Tuesday 16 April 2013

North Korea - China Sends A Nastygram To The Boy General

North Korea is again running one of its big extortion campaigns against the rest of the world. This is the biggest and boldest yet, with threats of nuclear weapon armed missiles being fired at Japan and other enemies. All this media theater has more impact the farther you get from North Korea. In the two Koreas it is pretty much business as usual. The planting season has begun in the north and that has ended the token military mobilizations (used as a media event to scare the foreigners). Most troops are now doing what they normally do this time of year, help with growing food. North Korea desperately needs this food, especially since reforms (incentives for farmers) in the last year appear to have worked and increased production a bit. That’s remarkable considering the growing fuel, fertilizer, and other shortages farmers have to deal with. The weather has been bad in many parts of the country for the last two years and there has been a noticeable increase in starvation related deaths and illness. Scaring foreigners does not help much if you are very hungry.
 
The implicit message in all the North Korean threats is that if someone offers some free food and fuel the aggressive messages would disappear. No one has stepped up and China has apparently quietly threatened cuts in aid if North Korea doesn’t quiet down. As these campaigns go, they usually end abruptly with the northerners declaring some kind of victory and that’s it. While it would be nice if all this theater produced some free stuff from fearful foreigners, Kim Jong Un could win inside North Korea without getting a payoff from the foreigners because he has shown his henchmen that the new boss can work the foreign media even more adroitly than daddy or grandpa. 
 
China is angry at all this North Korean theater. The current barrage of threats from North Korea is upsetting Chinese trading partners and is bad for business. North Korean actions have caused a massive amount of international media speculation and FUD (fear, uncertainty, and doubt). While this is not much of a problem for China, which strictly controls its own media, it forces politicians in nations with a free press to respond to their anxious voters. This can lead to decisions that are not favorable for China. The most unfavorable such decision would be for Japan and South Korea to develop nuclear weapons. Both could do so quickly and would complicate Chinese foreign policy. 
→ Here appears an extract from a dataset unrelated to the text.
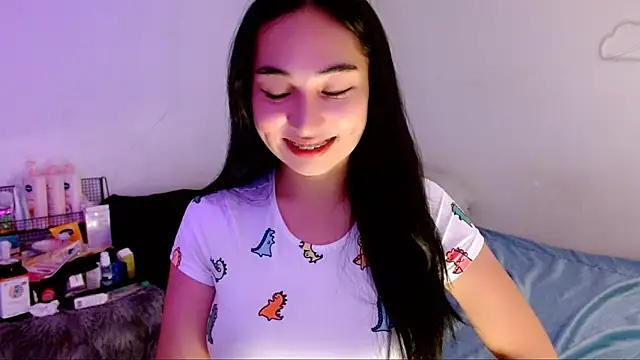 Snapshot of SweetLilly_18 chatting on September 27, 2025, 3:34 am SweetLilly 18 online show from September 27, 2025, 3:34 am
Currently, Chinese diplomacy is backed up by the fact that China has nukes and that limits how far other nations can go in threatening China. That works both ways, and China tries to maintain reasonably good relations with South Korea and Japan because both nations are trading partners and tension and threats are bad for business. China may be a communist police state but the leadership remains in power only because they keep the economy growing. The neighbors know this and have not felt compelled to go through the political, economic, and diplomatic hassle of building their own nuclear weapons capability. But the current hysteria could force Japan and South Korea to go nuclear. China would lose a diplomatic edge and there would be an increase in the risk of someone actually using nukes. 
 
China does not like to publicly criticize an ally and has been low-key in its public comments to North Korea over the current unpleasantness. But China has other ways to send a nastygram to the Boy General (one of the official nicknames for Kim Jong Un). China has ordered its Internet media operatives to say what they think about the Boy General. As a result, popular Chinese Internet personalities are saying what the government prefers not to say (that Kim Jong Un is a fat little dork, asshole, maniac, or whatever). Chinese Internet commentators are often local celebrities who are allowed to spout on their website or microblog (the tightly controlled Chinese version of Twitter) as long as they do not say anything the government censors do not approve of. The Chinese people understand how this works and know which blog posts are crap and which are sincere. The jabs at the Boy General are largely sincere, with the posters saying what a lot of Chinese think about North Korea.
Yet China is unwilling, or unable, to actually replace Kim Jong Un. Since the Cold War (and Russian subsidies that kept the economy afloat) ended in 1991, China has picked up some of the slack. China has become unhappy with the incompetent leadership in North Korea, as the Kim dynasty refuses to undergo the kind of economic reform that has kept the Chinese Communists comfortably in power.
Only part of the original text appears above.